Excelling from an early age
Born in 1912 in Withington – known today for housing a high proportion of Manchester’s student population – Kathleen was the grandchild of shoemaker William Timpson (that’s right, the founder of multinational retailer Timpson, which began trading from Manchester’s Oldham Road in 1865).
She inherited otosclerosis from her father’s side of the family and, following an illness at age eight, almost lost her hearing completely. Kathleen wouldn’t hear again until she received her first hearing aid around 30 years later.
This wouldn’t, however, prevent her achieving some incredible things.
Her promise, both academically and physically, was evident from a young age. Kathleen became fascinated with mathematics – particularly because her deafness wasn’t a disadvantage to studying it.
In her autobiography, published at age 93, she said of the subject: “Mathematics is a way of thinking. It requires no tools or instruments or laboratories. It may be convenient to have a pen and paper, a ruler and a compass, but it is not essential: Archimedes managed very well with a stretch of smooth sand and a stick.”
Likewise, her deafness didn’t hold her back on the sports field. At school she played cricket and lacrosse, and regularly won the 100-metre sprint on sports day. She also excelled at hockey, and would play for Lancashire County, the North of England and the Reserve England elevens. Other sports to pique her interest included figure skating, ice dancing and mountain climbing.
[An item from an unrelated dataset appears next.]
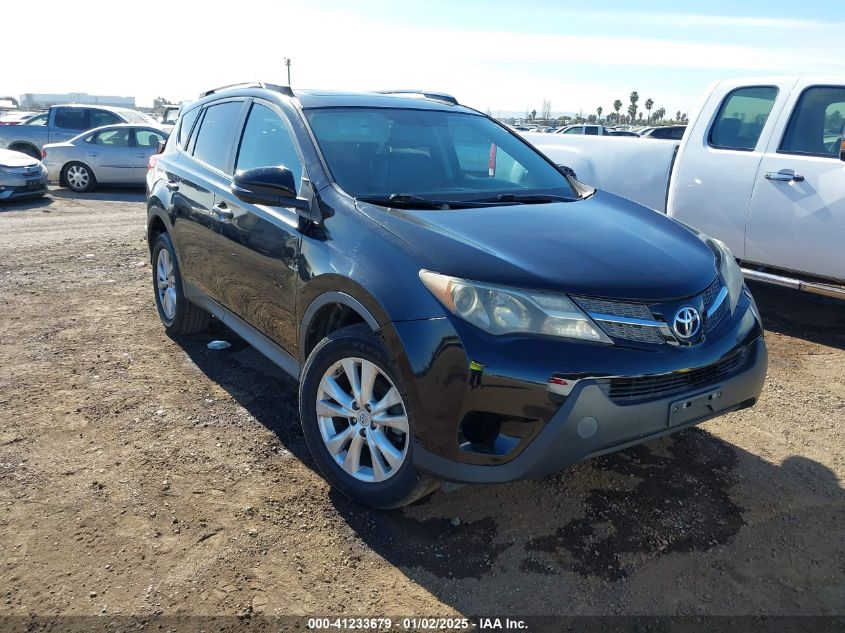 VIN 2T3YFREV0EW130096 2014 Toyota RAV4, Limited no.1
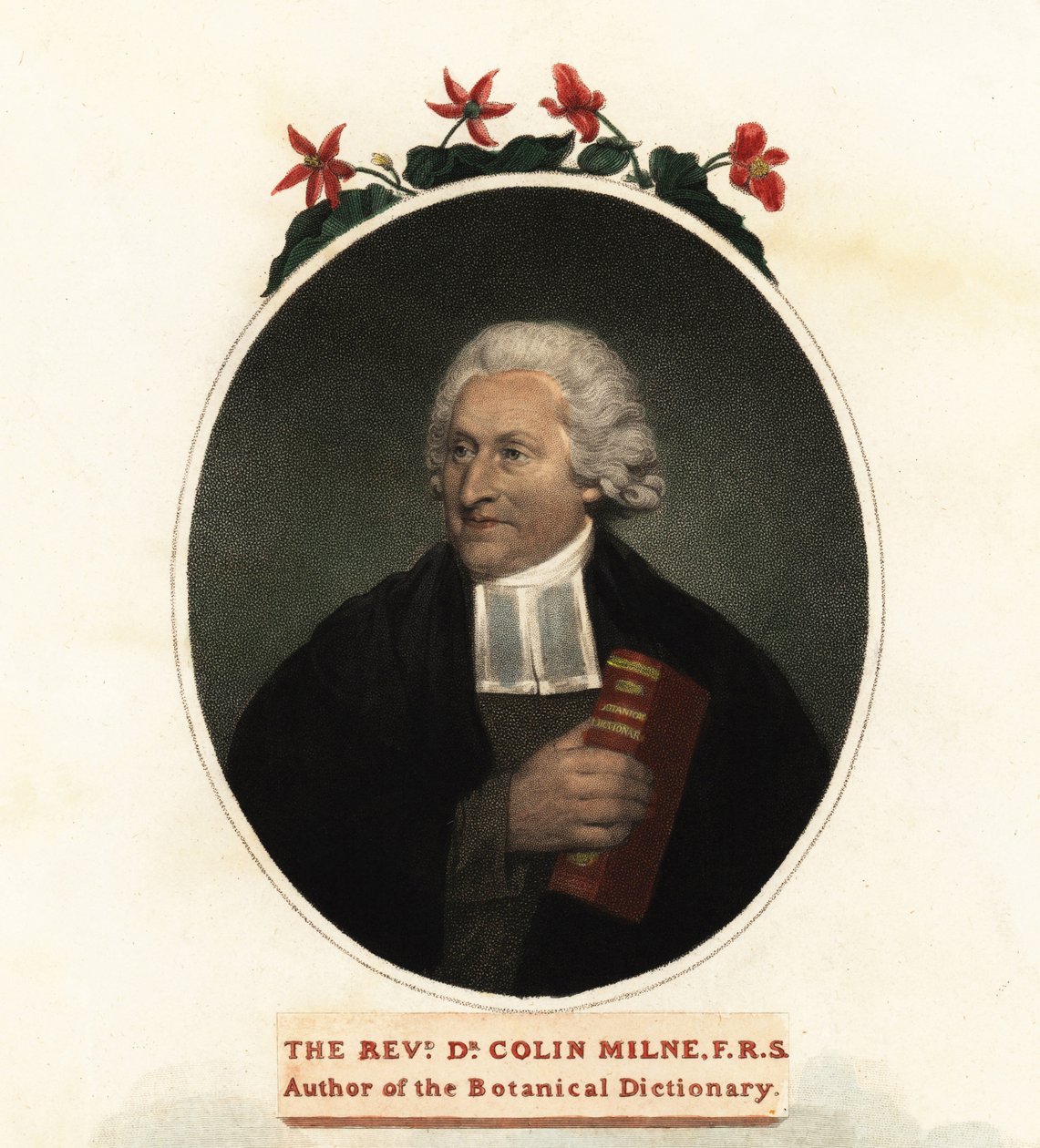 Retrato de Colin Milne, botánico.1806 (grabado) de John (after) Russell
Kathleen was better able to cope with her deafness by learning to lip-read from a young age. This was viewed as preferable to learning sign language, which requires the person you’re conversing with to also know how to do it. She was taught here at the University, aged eight, in a department – unique at the time – that trained students to become teachers of partially deaf children.
The University of Manchester would also help with Kathleen’s progression in education; before winning a scholarship to Somerville College, Oxford, she spent a year studying higher algebra and geometry here with one JM Child, author of the book ‘The Higher Algebra’. Impressively, she didn’t mention at her interview for the scholarship that she was deaf – for fear it might be considered too great a disadvantage. She only revealed her hearing impairment after she started the course.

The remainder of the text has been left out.